** Opening Information block **
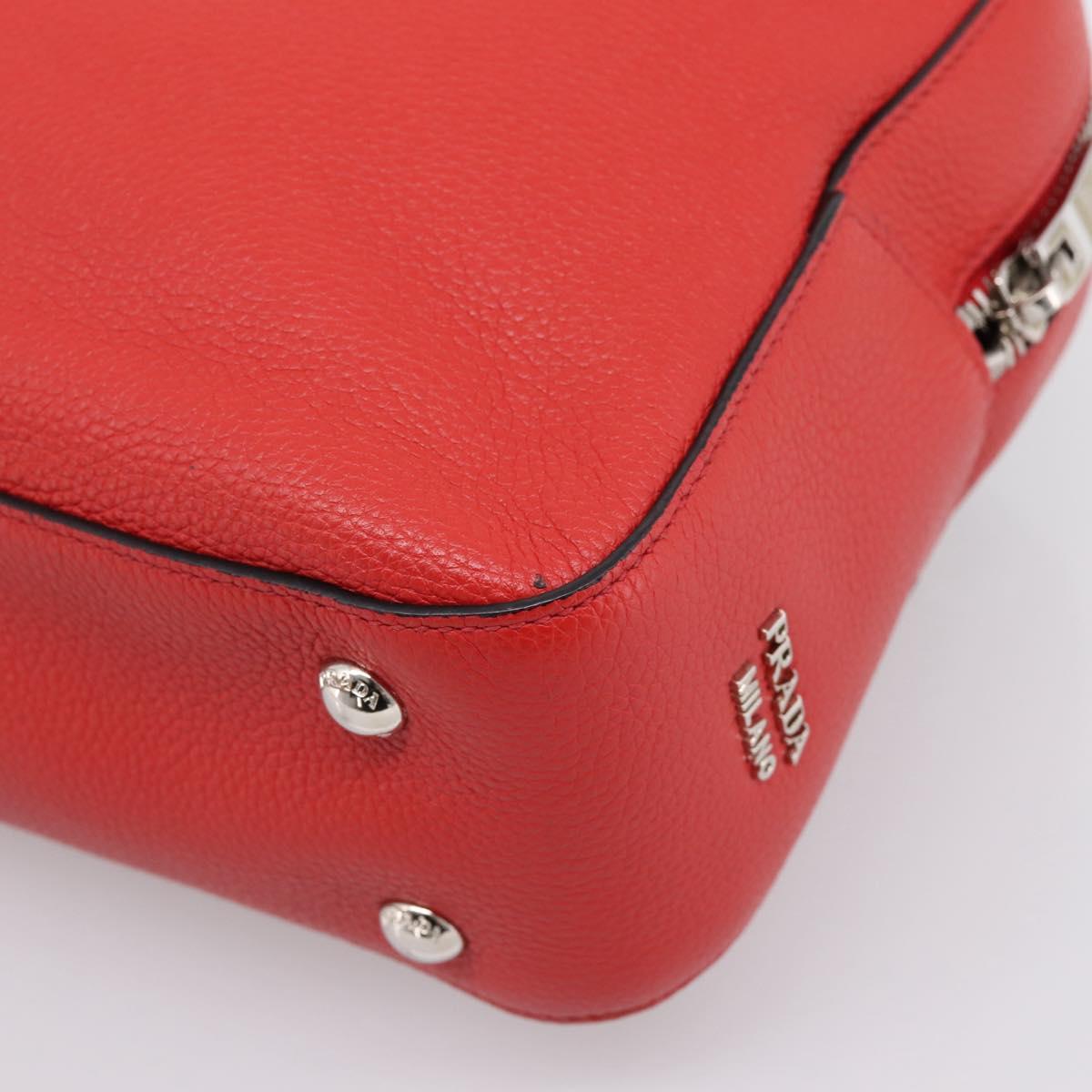 PRADA Chain Hand Bag Leather Red Silver Auth 198640V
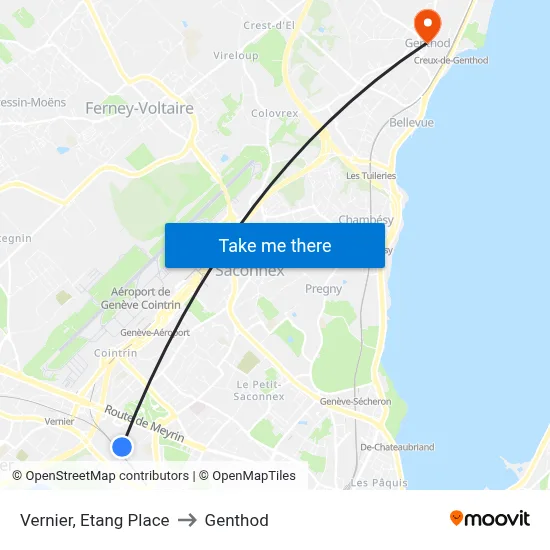 Vernier, Etang Place to Genthod map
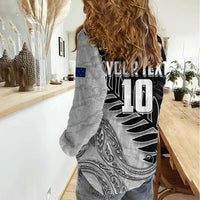 Personalized New Zealand Football Women Casual Shirt Kiwi Mascot with Silver Fern - Maori Tribal Tattoo Art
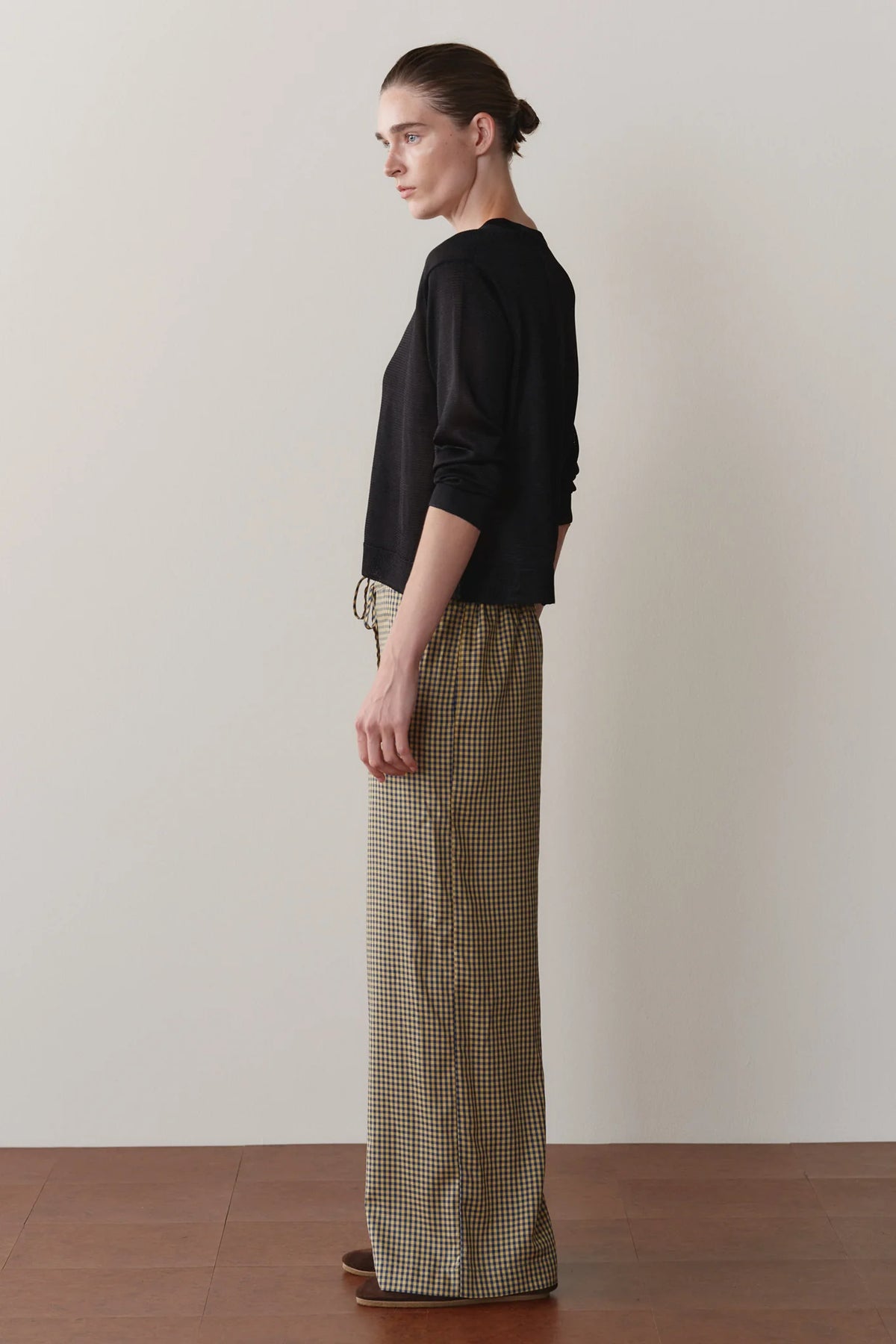 Tencel Plaid Tie Pant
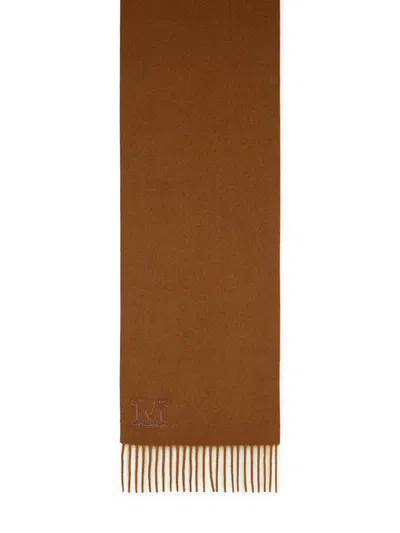 Max Mara Wsdalia Cashmere Stole With Brown Monogram Embroidery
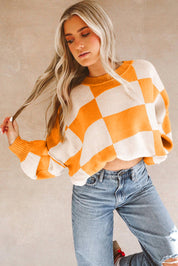 Womens Checkerboard Knit Sweater For Cozy Warmth Everyday - OKOHOKO™ FASHION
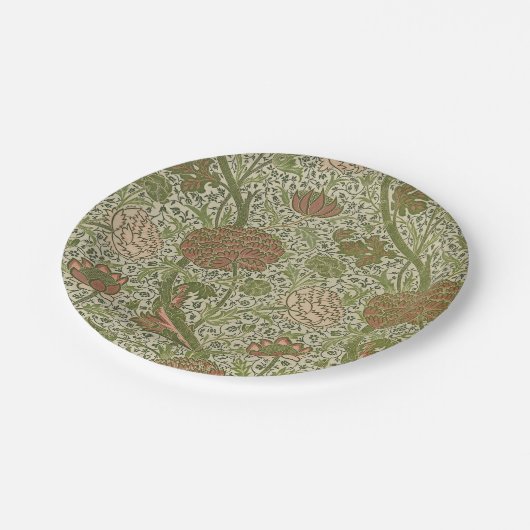 William Morris Cray Sage Bloemen Plantaardige Papieren Bordje (Gekanteld)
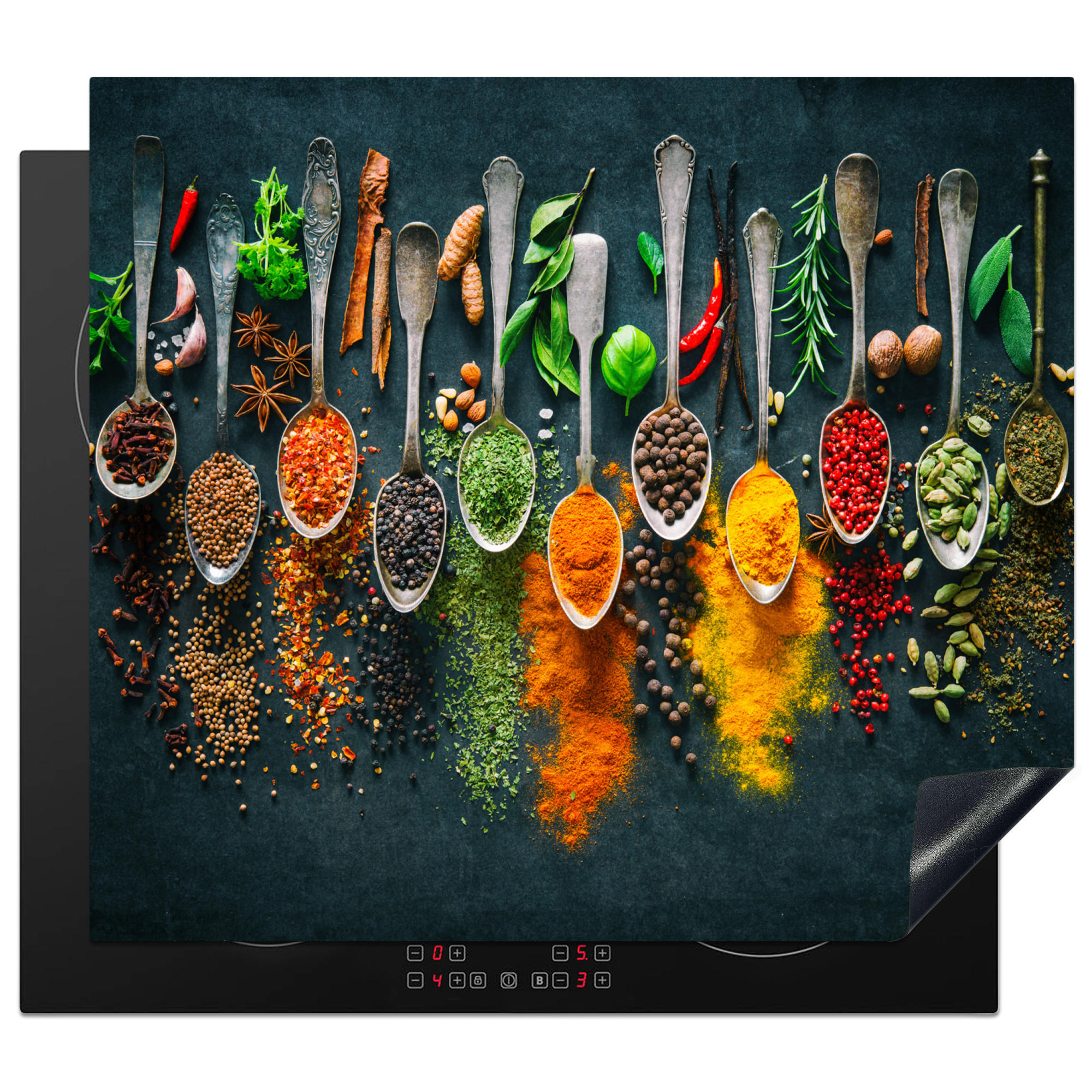 MuchoWow KRYT NA INDUKČNÍ DESKU Bylinky - koření - lžíce 57.6x51.6 cm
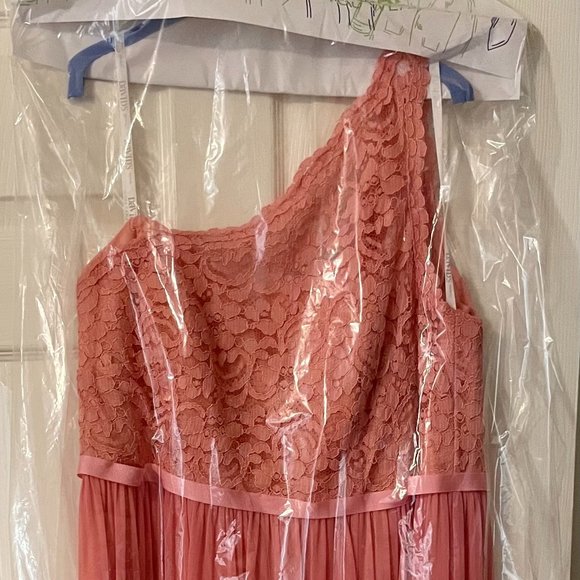 David's Bridal Bridesmaid Dress Long One Shoulder Lace Parfait Size 20 - Picture 1 of 2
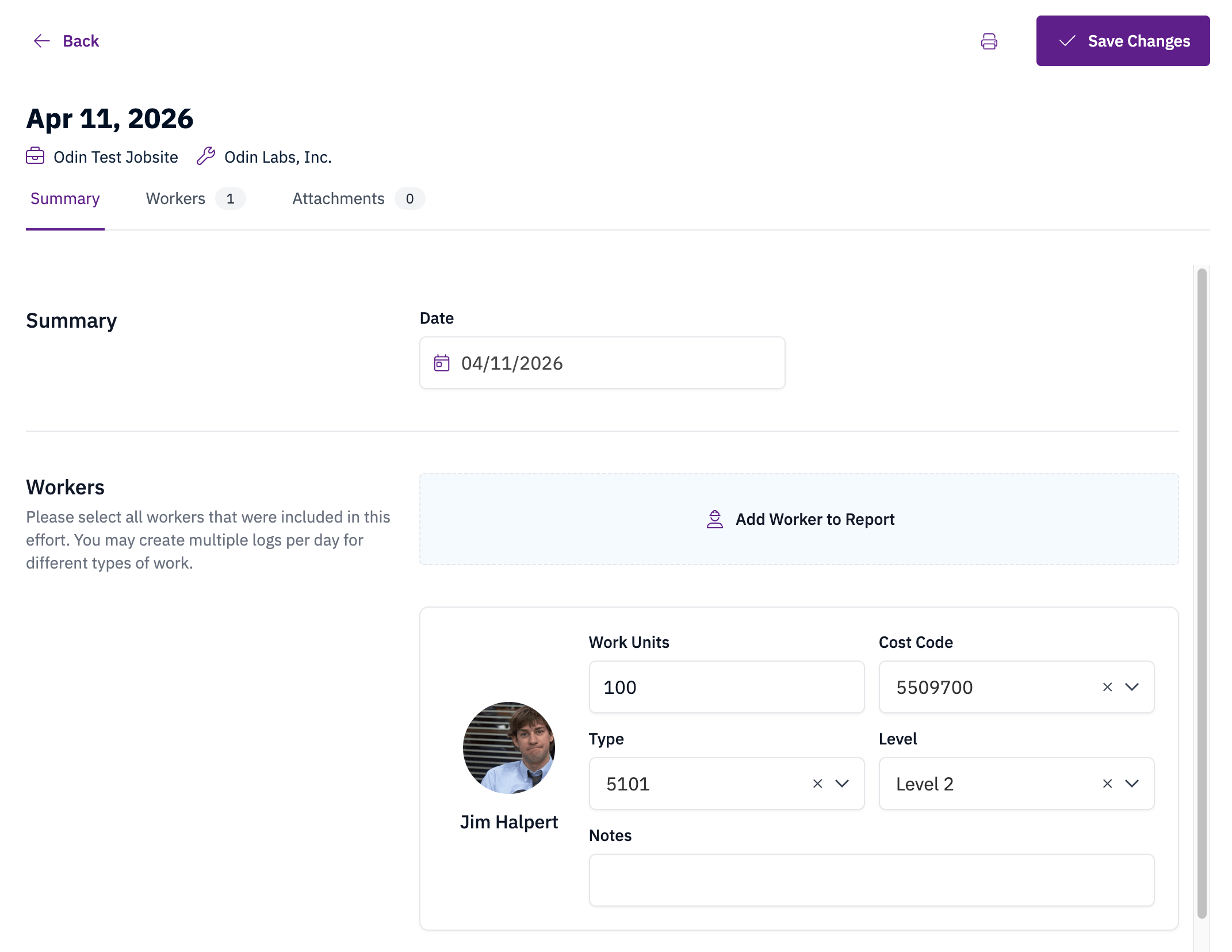 Work unit tracker form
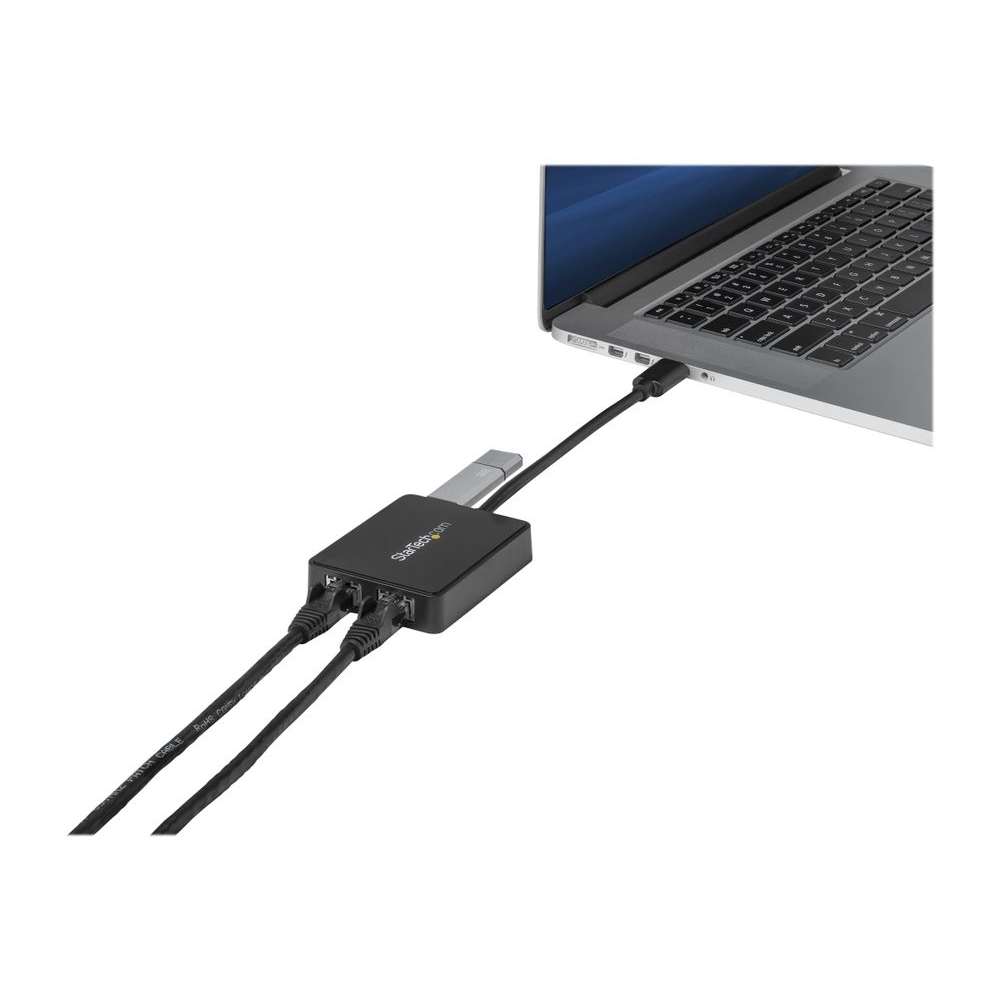 StarTech.com USB 3.0 to Dual Port Gigabit Ethernet Adapter w/ USB Port - 10/100/100 - USB Gigabit LAN Network NIC Adapter (USB32000SPT) - network adapter - USB 3.0 - 2 ports (USB32000SPT)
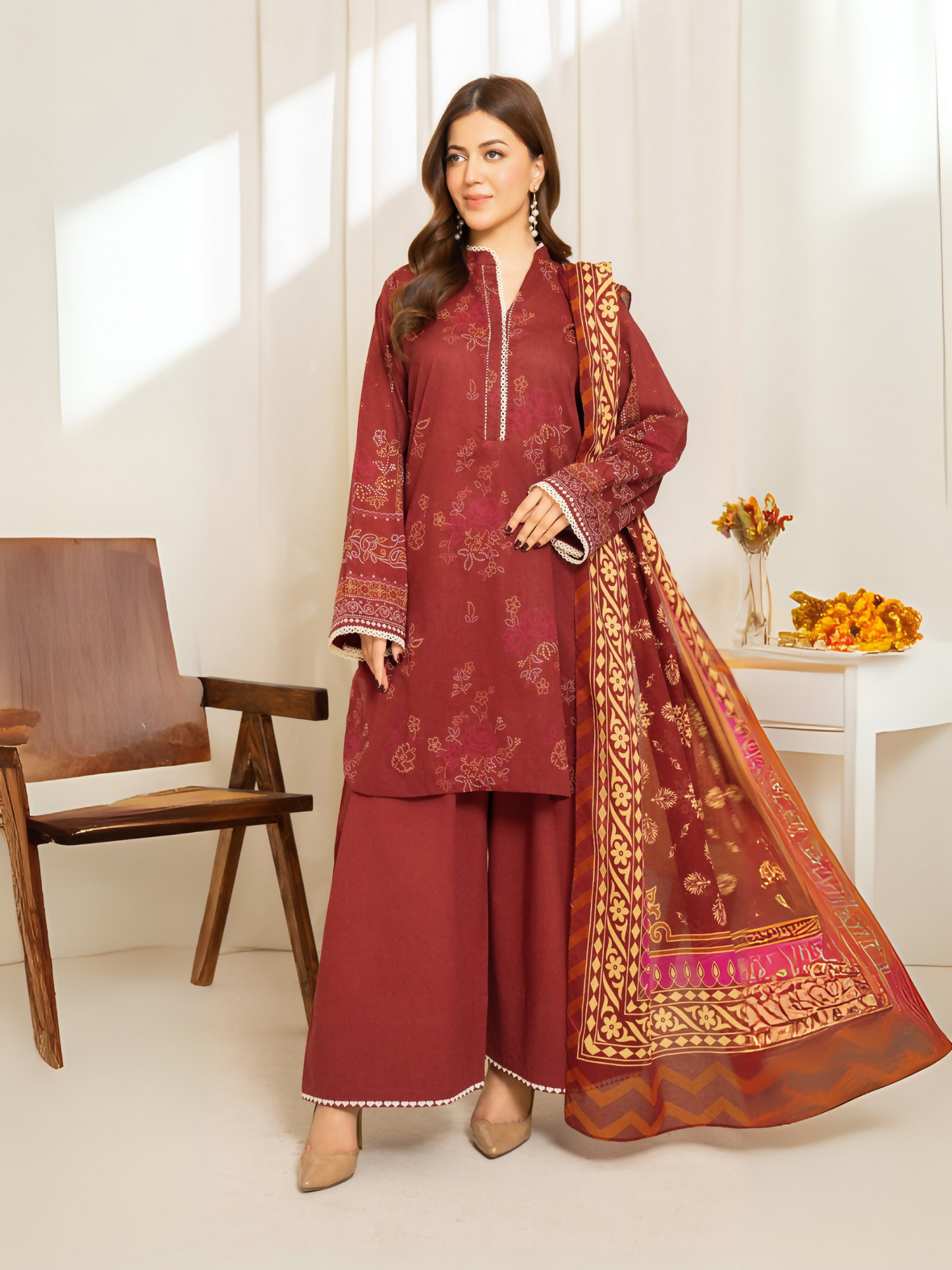 Maroon printed lawn suit with gold voile dupatta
** Closing Information block **
What is required » Put down exactly the lines of the data above that run from its first line through the line bearing "Womens Checkerboard Knit", and no pictures.

Written answer »
 PRADA Chain Hand Bag Leather Red Silver Auth 198640V
 Vernier, Etang Place to Genthod map
 Personalized New Zealand Football Women Casual Shirt Kiwi Mascot with Silver Fern - Maori Tribal Tattoo Art
 Tencel Plaid Tie Pant
 Max Mara Wsdalia Cashmere Stole With Brown Monogram Embroidery
 Womens Checkerboard Knit Sweater For Cozy Warmth Everyday - OKOHOKO™ FASHION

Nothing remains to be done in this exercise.